The Temple Mount replica of 70 A.D. 
However, the Second Temple was destroyed in A.D. 70 by the Romans.  As prophesied by Jesus, not one stone was left upon another in its destruction.  (Luke 21:5-6) 

During the second century A.D, the Romans rebuilt the city as a Roman colony and built their own pagan temple, dedicated to the god Jupiter over the site of the Temple Mount.  To add further insult, they forbade Jews from entering the holy city. 
Roman coin commemorating the triumph over Judea.  The Latin inscription reads "JUDEA CAPTA".  

During the Byzantine era, after Christianity became the official religion of the empire, 
Jerusalem became a Christian city.   But, the temple Mount remained desolate as a
 reminder of Jesus' prophecy about it (Mark 13:2). 

In A.D. 614, the Persians conquered Jerusalem, burning Christian churches and monasteries.   
But in A.D. 628, it was returned to Byzantine hands and efforts were made to restore the city once again.  Only 10 years later, Jerusalem fell to the Muslim Arabs.  The Caliph Omar 
identified the Temple Mount as the spot where the prophet Muhammad ascended
 into heaven and thereafter built the first mosque on the Mount.   
Today there are two structures standing on the Temple Mount; 
The Dome of the Rock and the El Aqsa Mosque.
The Al-Aqsa Mosque is known as the third holiest site in Islam.  Muslims believe that Muhammad was transported from the Mosque in Mecca to Al-Aqsa during the Night Journey.   The original mosques were destroyed by earthquakes on numerous occasions, so this is the 5th mosque that has been built in this same location.  When the Crusaders captured Jerusalem in 1099, they used the mosque as a palace and church, but its function as a mosque was restored in 1187 after its recapture.  

This is another view of the dome and one of the minarets of Al Aqsa. 

The Quran is being taught to women on the Temple Mount.  The Bible is not allowed past security and we were checked to make sure that we were not wearing crosses which could be seen.

Muslim men are studying and discussing the Quran separately.

This is the ritual bath used by Muslims before entering the mosques on the Temple Mount.  

The Dome of the Rock is said to be one of the most beautiful shrines in the Islamic world and
 one of the most exquisite landmarks in Jerusalem.  The golden dome was erected directly 
above the rock, where the Muslims believe that Mohammad ascended into heaven.  
This building is the most ancient Muslim monument in the Holy Land   
We didn't go inside, since it is only open to those in the Muslim faith.  

Mother stands in front of the mosque with her head covering.  
The detailing on this building really was beautiful, but it seemed to be such a sacrilege
 to be located on the same Holy site of the Old Temple Mount.    

We traveled with a wonderful group of travel agents from all over the USA. 
We were in time for prayers at the entrance to the Dome of the Rock.
The view through ancient arches was so picturesque.  

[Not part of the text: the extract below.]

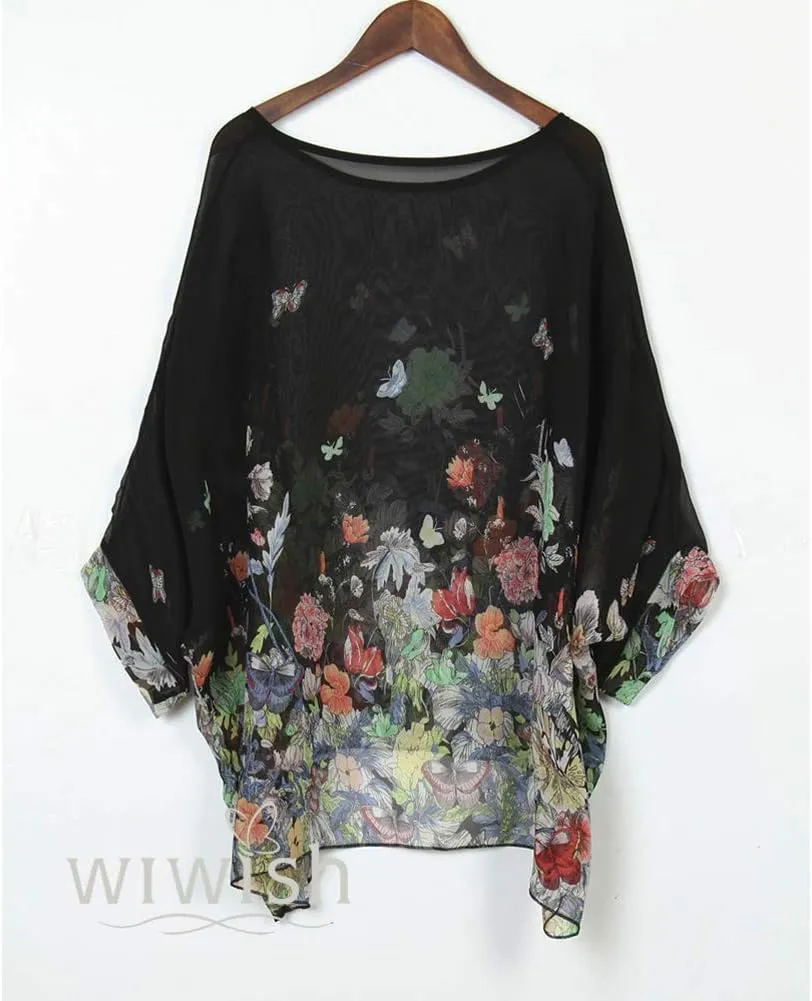 Women's Bohemian Style Summer Beach Lagenlook Top Kimono Loose Waterfall Chiffon Kaftan Poncho Shirt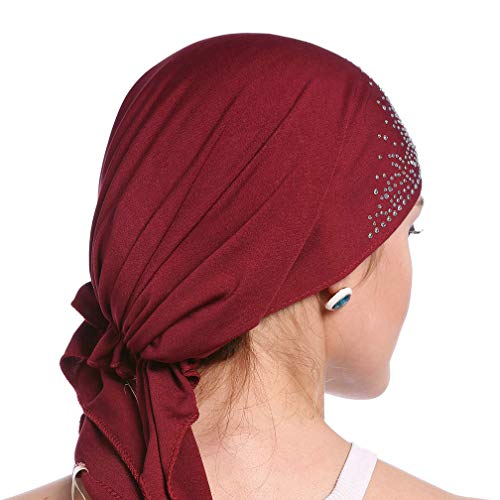 YONKINY Pañuelo la Cabeza Mujer Elástico Elegent Turbante Musulmán Para Quimio Pérdida de Pelo Bandana Cancer Headwear Hairband Sombrero Quimioterapia (Vino Tinto)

Guards were everywhere.  Today, the mosques remain under the administration
 of the Palestinian-led Islamic waqf, but the Old City is still under Israeli control.

Leaving the temple mount area by way of an old 'gate' leading into the Muslim area of the city.  

I love rugs....and thought that this one was just beautiful!
Maybe our next trip there will be more time for shopping! :) 
We saw olive trees all over the old city, full of fruit.  This picture was taken right outside of the Temple Mount where we stopped to rest before continuing our day.   

On to the Pools of Bethesda......


Janet said…
What a wonderful experience in being allowed to visit some of the parts of the Temple Mount. I'm so jealous!! Even if you didn't get to go inside, you were allowed to go to more places than when I was there. Your history notes are excellent! Thanks for sharing!